Anxiety/OCD/Trauma Flashcards
Explain Fight of Flight.
Physiological changes in the body that occur in responce to a perceived threat to prepare the body for resisting and fleeing from event.
Difference between true and false alarms?
True alarms occur in responce to a direct danger, while false alarms (the hallmark for anxiety disorders) have no direct threat attached.
Explain Barlow’s concept of Triple Vulnerability.
Increases the severity of an alarm trigger. Includes biological factors (general predisopsition), generalised psychological facts (the world is dangerous) and specific psychological factors.
What is Negative Affectivity?
Subjective distress involving anxiety, disgust and anger.
What is Specific Phobia?
characterised by extreme fear of a specific object/situation, which results in avoidance of that sit/object.
What are the DSM 5’s subtypes of phobias according to primary focus of fear?
Animal, Natural Environment, Blood Injection and Injury, and Situational
What is the onset time period for Specific Phobias?
Early in life
What is Prepared Classical Conditioning?
theory that evolution has prepared people to be easily conditioned to fear objects/sits that were dangerous in prehistoric times.
Explain the theory that Specific Phobias are actually False Alarms.
Instances of fight or flight reponce triggered inappropriately or excessively in the presence of a specific object/sit.
What is Exposure therapy in terms of SP?
person with phobia gradually faces phobic stimulus in real life (in vivo) by imagining or experiencing computer generated realities.

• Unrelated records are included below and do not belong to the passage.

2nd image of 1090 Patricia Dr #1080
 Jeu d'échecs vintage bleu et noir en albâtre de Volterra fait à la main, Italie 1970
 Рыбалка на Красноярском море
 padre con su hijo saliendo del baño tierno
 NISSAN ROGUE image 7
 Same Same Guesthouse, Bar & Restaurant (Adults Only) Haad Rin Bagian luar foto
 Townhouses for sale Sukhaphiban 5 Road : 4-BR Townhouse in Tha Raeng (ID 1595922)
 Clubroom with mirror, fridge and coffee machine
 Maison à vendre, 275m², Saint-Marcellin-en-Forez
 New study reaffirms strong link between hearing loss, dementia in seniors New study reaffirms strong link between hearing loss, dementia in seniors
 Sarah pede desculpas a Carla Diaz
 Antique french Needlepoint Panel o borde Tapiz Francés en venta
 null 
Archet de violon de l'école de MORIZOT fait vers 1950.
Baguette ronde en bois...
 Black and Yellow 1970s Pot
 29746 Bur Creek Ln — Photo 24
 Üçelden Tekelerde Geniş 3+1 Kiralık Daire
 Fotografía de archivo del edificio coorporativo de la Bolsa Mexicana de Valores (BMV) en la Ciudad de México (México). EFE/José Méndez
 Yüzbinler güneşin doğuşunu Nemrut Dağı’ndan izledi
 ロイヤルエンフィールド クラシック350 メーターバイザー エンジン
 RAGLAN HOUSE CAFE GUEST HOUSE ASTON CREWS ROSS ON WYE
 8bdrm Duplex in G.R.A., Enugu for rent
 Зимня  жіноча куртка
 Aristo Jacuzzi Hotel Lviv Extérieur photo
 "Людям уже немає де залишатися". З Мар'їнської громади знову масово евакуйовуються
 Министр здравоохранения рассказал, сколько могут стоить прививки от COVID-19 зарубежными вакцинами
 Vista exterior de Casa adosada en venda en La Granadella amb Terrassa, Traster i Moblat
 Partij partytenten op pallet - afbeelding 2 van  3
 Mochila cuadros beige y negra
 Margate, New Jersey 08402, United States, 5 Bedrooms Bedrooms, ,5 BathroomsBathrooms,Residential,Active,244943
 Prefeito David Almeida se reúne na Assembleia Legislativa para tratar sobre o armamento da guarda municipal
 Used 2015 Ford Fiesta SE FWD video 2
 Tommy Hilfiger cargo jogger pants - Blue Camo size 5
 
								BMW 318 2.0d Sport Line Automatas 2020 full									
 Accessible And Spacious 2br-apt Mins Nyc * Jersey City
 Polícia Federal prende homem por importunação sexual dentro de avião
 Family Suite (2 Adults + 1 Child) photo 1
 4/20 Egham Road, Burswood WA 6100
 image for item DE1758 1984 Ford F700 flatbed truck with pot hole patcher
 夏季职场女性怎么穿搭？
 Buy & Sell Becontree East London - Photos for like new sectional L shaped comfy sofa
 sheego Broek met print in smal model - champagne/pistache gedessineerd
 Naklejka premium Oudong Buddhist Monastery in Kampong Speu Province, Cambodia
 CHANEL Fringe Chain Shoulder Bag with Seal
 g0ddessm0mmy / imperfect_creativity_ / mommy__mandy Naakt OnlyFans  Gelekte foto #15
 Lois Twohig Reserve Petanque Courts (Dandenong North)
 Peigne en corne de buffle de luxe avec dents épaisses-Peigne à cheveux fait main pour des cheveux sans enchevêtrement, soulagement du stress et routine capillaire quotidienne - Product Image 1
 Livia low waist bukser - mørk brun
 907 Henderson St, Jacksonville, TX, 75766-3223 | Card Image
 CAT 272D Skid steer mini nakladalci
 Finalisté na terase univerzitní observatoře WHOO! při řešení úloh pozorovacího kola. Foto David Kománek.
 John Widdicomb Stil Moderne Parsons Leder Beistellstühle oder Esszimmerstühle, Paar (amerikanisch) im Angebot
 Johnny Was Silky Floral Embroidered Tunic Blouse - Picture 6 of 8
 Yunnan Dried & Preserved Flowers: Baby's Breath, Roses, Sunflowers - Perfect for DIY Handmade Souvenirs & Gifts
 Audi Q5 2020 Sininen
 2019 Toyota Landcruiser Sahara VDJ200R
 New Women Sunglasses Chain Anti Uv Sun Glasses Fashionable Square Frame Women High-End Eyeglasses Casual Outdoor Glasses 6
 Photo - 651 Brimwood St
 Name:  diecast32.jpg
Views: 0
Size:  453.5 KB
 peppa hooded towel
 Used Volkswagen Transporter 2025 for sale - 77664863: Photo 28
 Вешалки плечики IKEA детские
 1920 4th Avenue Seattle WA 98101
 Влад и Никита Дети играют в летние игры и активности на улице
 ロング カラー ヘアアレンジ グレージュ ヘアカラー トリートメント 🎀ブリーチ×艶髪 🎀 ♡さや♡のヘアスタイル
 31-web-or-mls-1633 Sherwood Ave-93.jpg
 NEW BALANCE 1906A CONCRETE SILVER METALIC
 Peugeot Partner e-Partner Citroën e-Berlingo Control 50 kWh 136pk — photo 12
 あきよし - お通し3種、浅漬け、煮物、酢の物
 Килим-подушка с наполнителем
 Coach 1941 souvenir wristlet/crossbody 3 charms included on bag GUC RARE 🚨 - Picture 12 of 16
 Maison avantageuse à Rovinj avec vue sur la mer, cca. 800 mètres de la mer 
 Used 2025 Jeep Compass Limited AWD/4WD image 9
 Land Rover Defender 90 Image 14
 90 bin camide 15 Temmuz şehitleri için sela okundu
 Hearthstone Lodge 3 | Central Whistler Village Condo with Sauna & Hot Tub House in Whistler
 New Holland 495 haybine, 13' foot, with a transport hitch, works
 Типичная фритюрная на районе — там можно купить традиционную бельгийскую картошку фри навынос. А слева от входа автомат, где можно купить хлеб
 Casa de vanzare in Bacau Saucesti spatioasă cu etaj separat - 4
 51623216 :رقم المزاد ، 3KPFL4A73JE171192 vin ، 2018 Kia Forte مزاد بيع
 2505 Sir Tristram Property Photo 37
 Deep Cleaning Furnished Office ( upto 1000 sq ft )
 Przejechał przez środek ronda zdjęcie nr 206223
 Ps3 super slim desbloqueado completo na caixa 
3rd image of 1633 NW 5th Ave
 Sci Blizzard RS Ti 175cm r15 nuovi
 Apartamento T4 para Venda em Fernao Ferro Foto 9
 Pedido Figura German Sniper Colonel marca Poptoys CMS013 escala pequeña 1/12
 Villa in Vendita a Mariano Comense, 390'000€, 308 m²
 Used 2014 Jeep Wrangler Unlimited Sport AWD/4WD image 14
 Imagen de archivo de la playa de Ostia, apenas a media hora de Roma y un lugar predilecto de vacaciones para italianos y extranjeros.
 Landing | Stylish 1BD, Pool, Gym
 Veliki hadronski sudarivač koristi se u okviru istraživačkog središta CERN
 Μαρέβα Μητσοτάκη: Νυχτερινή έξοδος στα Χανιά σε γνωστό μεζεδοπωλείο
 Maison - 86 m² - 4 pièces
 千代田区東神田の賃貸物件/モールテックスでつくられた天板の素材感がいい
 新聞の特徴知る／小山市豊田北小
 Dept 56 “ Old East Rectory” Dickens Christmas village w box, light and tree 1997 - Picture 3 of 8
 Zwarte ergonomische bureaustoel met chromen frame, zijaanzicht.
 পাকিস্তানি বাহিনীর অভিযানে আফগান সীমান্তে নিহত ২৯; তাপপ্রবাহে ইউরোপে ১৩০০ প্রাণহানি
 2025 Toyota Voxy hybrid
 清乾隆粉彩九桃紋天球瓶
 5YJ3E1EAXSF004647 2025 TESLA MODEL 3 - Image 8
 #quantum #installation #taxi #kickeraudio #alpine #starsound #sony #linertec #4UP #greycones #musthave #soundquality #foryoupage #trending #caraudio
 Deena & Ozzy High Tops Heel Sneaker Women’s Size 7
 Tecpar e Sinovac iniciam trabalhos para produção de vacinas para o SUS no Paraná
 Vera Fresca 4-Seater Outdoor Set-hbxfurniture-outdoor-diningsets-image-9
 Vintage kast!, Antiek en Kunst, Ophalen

What is Flooding in Exposure therapy?
technique in which client is intensively exposed to a feared object until his/her anxiety diminishes.
What is Agoraphobia?
anxiety about being in a place hard to escape. The underlying principle is fear of panic and consequences in this environment.
What is a panic attack?
episode of intense fear/disomfort in which there is a rapid increase in symptoms such as racing heart, sweating, trembling etc.
What is Panic Disorder?
characterised by recurrent and unexpected panic attacks. There are persistent concerns about additional attacks/consequences, and significant changes in behaviour relating to attacks.
What is anxiety sensitivity?
belief that the bodily symptoms of anxiety have harmful consequences.
Explain Clark’s Model of Panic Disorder.
ppl misinterpret physical sensation in a catastrophic way, which elicits flight or fight.
What are the Pharmacological treatment options for PD?
tricyclic antidepressants, SSRI’s, Benzodiazepines
How is CBT used for PD?`
aims to address phobic avoidances (external with graded in vivo exposure, and internal with behavioural and cognitive techniques)
What is Social Anxiety Disorder?
extreme fear of being judged or embarassed in front of others, casuing person to avoid social situations; fear is recognised as irrational and excessive.
What is the aetiology of social phobia?
genetics, cognitive dysfunctions, distored way that people perceive they are being evaluated, attach considerable importance to evaluation of others.
What is targeted in treatment for social phobia?
cognitive vulnerabilities and behavioural avoidances.
What does CBT for social phobia entail?
psychoeducation, skills for challenging negative thoughts, attention training, reduce reliance on safety behaviours, challenge neg core beliefs
What is Imagery Rescripting?
identifying recurrent neg images and working to modify meaning.
What is Generalised Anxiety Disorder?
Chronic worry in daily life accompanied by physical symptoms of tension. person can not dismiss thoughts, and anxiety about a range of future focused fears. People tend to overestimate likelyhood of catastrophic events while underestimating ability to cope.